Di situs Setono Gedong juga terdapat beberapa makam tokoh pejabat era kerajaan dan kalangan darah biru. Menurut Yusuf, selain kalangan wali dan ulama, Setono Gedong sejak dulu juga dipergunakan untuk pemakaman darah biru di wilayah eks Karesidenan Kediri. Makam darah biru yang diyakini paling keramat adalah Makam Sri Susuhunan Amangkurat III atau Amangkurat Mas.
Di situs ini terdapat pula beberapa makam keturunan dan pengikut setia Amangkurat III. Di antaranya Pangeran Teposono (putra Amangkurat III) dan Raden Ajeng Reksoprodjo (abdi dalem Amangkurat III), serta R. Ng Pringgodigdo (bupati ke-4 Nganjuk, menjabat 1852-1878, mertua Patih Blitar Djoyodigdo).

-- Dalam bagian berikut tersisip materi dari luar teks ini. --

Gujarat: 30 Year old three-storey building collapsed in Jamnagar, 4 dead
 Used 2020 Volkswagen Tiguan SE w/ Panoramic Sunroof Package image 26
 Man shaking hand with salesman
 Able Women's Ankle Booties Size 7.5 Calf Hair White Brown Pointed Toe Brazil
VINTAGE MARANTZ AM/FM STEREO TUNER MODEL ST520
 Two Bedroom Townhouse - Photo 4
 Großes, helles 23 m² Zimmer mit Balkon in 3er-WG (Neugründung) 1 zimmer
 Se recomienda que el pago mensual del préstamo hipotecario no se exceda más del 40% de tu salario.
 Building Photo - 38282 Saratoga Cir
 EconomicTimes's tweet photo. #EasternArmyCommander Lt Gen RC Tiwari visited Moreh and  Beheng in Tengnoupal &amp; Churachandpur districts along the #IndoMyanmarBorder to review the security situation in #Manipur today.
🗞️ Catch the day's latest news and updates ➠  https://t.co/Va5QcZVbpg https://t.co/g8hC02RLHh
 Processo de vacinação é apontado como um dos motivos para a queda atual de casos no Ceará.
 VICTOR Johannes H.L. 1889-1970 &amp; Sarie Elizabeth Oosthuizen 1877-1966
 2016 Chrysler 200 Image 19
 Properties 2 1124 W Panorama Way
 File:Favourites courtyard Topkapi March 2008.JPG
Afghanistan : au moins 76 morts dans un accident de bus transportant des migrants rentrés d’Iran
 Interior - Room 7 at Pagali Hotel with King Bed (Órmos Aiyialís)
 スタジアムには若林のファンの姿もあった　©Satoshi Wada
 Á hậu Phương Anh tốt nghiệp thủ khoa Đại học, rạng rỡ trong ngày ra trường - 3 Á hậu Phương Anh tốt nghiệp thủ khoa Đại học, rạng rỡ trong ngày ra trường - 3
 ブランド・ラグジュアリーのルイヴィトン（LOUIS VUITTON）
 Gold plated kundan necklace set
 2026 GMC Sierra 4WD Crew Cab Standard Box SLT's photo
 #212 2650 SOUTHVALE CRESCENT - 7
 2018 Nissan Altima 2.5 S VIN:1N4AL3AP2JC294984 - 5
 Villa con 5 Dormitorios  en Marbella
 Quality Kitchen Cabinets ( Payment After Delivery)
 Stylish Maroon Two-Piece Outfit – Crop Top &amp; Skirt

Berbeda dengan makam-makam lainnya, makam Amangkurat III jadi satu-satunya makam yang paling tertutup di Setono Gedong. Makam Amangkurat III dikelilingi tembok tebal dan tinggi persis seperti makam raja-raja Mataram di Imogiri. Makam Amangkurat III juga dikunci gembok. Yang ingin berziarah ke makam Amangkurat III harus seizing dari juru kunci.
“Beliau (Amangkurat III) ini adalah raja. Jadi mohon maaf, bagi yang ingin ziarah ke makamnya beliau harus seizin dari kami. Ada tata krama bagi yang ingin sowan kepada seorang raja. Beliaunya tetaplah seorang raja meskipun sudah meninggal dunia. Sejak dulu tradisi di sini kalau mau sowan eyang Amangkurat III selalu begitu,” pungkas Yusuf.